大人のたしなみとして、料理の感想を自分の言葉で表現してみよう。また、「食事の席で役立つ美しい日本語」もたくさんある。ふだん使っている言葉を少し言い換えるだけでも、ぐんと品性が高い印象に。なかでも代表的な言い換え例「8選」を紹介する。

※本稿は小倉朋子『教養としてのテーブルマナー』(SBクリエイティブ)の一部を抜粋・編集したものです。

料理を表現する「語彙力」に
マナーと教養が表れる

 私の教室では、毎回、レッスンの1つとしてちょっとしたお菓子をお出ししています。生徒さんがお菓子を食べ終えたら、必ず感想を言ってもらいます。おいしいと思っても、黙って食べてしまうことが、私たちは案外多いものですね。食べたものを、ただ「おいしかったです」だけではなく、自分なりの言葉で表現することで作った人や料理そのものを労う気持ちが養われます。

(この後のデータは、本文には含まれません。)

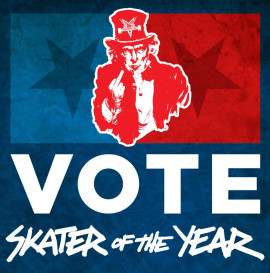 Thrasher &quot;Skater of The Year&quot; - głosowanie.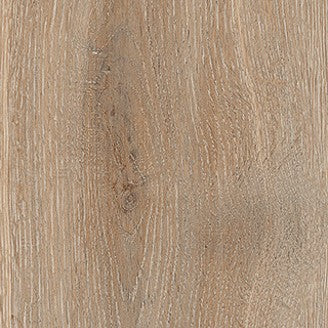 Close-up of Maison 9x48 Porcelain Tile: a light brown wood-look tile with natural grain pattern and subtle color variations, offering the beauty of real wood and the lasting durability of porcelain flooring.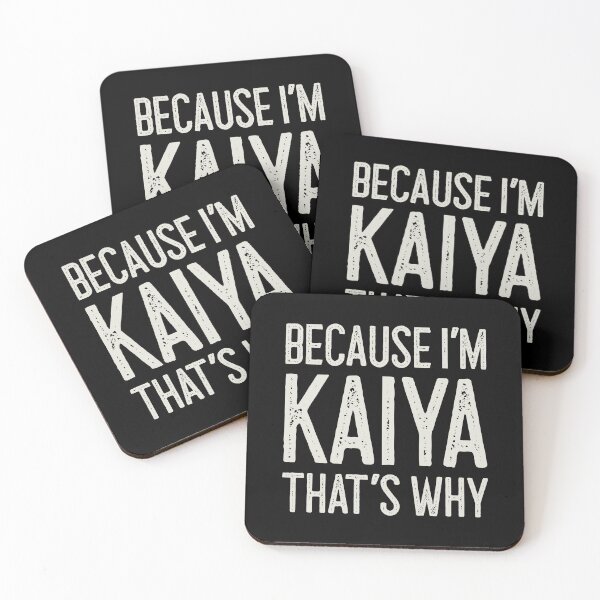 Item preview, Because I’m Kaiya That’s Why Funny Personalized Name designed and sold by MariosNydras.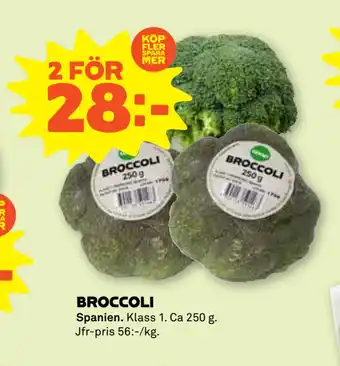 Coop Forum Broccoli erbjuda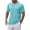 A02-Mint Green, variant on T-Shirts for Men Short Sleeve Athletic Tees Solid Color Sports Undershirt Soft Breathable Top Men's Fashion,Grey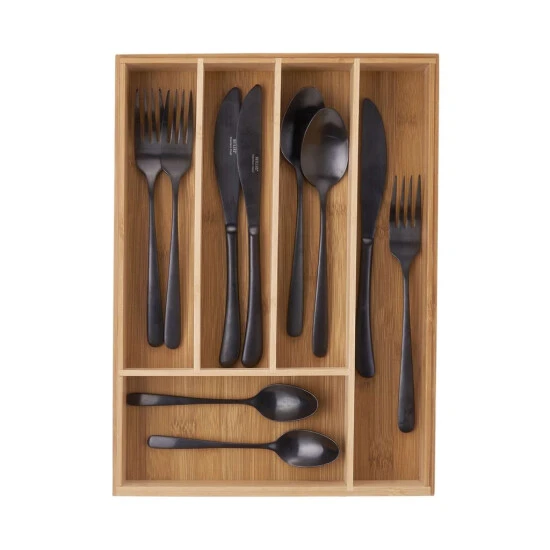 Budget ✨ BUTLERS MENUETT Besteckkasten Mit 5 Fächern L 35,5 X B 26cm ⌛ 4 Budget ✨ BUTLERS MENUETT Besteckkasten Mit 5 Fächern L 35,5 X B 26cm ⌛ – Bild 2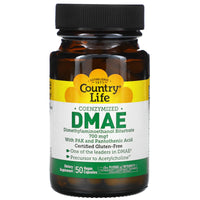 Country Life, Dmae 350 mg, 50 Vegan Capsules UPC 015794016823 | Hilife Vitamins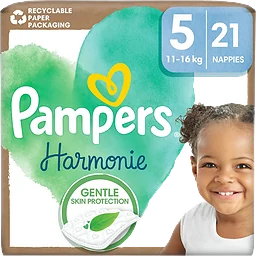 Blöjor Harmonie Strl 5 11+kg 21-p Pampers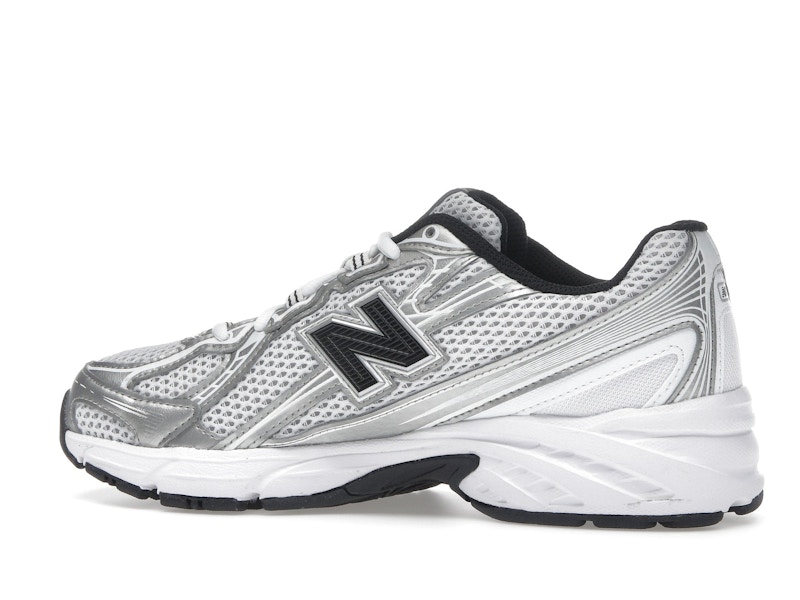 New Balance 740 White Silver Metallic Navy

 基本のマナーを守れることが、まずは肝心です。そのうえで、自分の言葉で感想を表現できるというのは、教養深い大人のたしなみなのです。外食ではお店に対する敬意と労いの表れであり、また、食事を介したコミュニケーション能力の証でもあります。食事の席の語彙力は、磨いておいて損はありません。

 語彙力といっても、一番大切なのは、やはり意識です。

 何となく口に運んでいては、感想など生まれるべくもありませんが、目で、鼻で、触感で、舌で味わえば、何かしら言葉が出てくるはずなのです。

 たとえば、「色合いが春らしいですね」「○○のよい香りがします」「サクサクとした歯ざわりが心地よかったです」「やさしい甘みで心が和みました」など。このとおり、何も難しい言葉を使う必要はありません。